▶ RECORD EXTRACTS
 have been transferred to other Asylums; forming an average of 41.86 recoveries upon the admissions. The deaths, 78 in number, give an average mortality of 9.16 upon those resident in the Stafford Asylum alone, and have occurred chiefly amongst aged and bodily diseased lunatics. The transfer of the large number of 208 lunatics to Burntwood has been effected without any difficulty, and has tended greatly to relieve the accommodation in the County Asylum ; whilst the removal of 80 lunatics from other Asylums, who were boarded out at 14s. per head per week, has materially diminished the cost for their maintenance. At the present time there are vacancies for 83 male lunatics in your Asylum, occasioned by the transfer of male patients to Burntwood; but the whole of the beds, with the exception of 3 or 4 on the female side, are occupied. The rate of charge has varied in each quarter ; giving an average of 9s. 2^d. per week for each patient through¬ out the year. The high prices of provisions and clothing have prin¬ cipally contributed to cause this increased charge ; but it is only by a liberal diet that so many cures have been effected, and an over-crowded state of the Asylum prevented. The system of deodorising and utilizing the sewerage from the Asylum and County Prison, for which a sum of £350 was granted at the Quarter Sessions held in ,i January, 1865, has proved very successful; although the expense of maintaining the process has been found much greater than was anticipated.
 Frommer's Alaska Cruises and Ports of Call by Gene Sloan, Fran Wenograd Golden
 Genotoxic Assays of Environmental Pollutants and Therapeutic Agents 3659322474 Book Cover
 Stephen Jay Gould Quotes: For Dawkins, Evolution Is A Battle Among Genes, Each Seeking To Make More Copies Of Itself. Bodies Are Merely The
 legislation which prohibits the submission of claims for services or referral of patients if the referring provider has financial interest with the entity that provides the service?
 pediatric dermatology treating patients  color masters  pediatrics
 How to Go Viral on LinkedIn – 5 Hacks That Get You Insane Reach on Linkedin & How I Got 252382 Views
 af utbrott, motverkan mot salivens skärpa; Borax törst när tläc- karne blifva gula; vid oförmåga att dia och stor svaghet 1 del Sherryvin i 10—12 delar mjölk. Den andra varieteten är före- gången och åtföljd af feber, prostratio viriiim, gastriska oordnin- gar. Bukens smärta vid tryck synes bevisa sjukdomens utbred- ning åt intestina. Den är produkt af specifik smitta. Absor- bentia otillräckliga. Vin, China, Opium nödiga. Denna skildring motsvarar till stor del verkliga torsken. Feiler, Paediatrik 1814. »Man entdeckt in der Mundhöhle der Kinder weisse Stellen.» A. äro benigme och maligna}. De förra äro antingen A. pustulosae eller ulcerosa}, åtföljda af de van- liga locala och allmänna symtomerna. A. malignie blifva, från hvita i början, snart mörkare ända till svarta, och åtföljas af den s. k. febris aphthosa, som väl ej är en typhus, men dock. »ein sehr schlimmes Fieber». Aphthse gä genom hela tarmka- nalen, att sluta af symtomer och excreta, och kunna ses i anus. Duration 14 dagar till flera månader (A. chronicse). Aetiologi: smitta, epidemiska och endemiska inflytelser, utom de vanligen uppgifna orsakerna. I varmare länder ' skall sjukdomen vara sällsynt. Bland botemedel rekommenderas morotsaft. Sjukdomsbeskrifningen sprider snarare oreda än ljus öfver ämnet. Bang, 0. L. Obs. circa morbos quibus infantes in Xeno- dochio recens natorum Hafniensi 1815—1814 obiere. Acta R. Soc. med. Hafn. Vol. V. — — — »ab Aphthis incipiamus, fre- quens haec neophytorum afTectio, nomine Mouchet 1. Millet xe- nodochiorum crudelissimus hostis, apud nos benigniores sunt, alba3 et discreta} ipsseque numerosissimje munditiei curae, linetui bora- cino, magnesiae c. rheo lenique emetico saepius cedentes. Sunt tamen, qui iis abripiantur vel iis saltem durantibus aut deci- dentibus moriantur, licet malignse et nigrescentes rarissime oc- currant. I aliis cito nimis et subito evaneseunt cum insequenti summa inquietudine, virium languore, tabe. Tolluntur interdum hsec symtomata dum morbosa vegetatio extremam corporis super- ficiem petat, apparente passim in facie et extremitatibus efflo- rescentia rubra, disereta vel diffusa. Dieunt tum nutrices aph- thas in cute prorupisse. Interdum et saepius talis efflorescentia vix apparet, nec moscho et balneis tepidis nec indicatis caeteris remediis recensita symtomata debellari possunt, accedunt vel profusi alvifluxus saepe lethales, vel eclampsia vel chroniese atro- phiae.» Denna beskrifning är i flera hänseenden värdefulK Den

▶ WHAT IS BEING ASKED
The required answer is the exact run of lines above starting at the line with "Genotoxic Assays of" and ending at the line with "How to Go Viral", with both ends present.

▶ EXERCISE RESULT
 Genotoxic Assays of Environmental Pollutants and Therapeutic Agents 3659322474 Book Cover
 Stephen Jay Gould Quotes: For Dawkins, Evolution Is A Battle Among Genes, Each Seeking To Make More Copies Of Itself. Bodies Are Merely The
 legislation which prohibits the submission of claims for services or referral of patients if the referring provider has financial interest with the entity that provides the service?
 pediatric dermatology treating patients  color masters  pediatrics
 How to Go Viral on LinkedIn – 5 Hacks That Get You Insane Reach on Linkedin & How I Got 252382 Views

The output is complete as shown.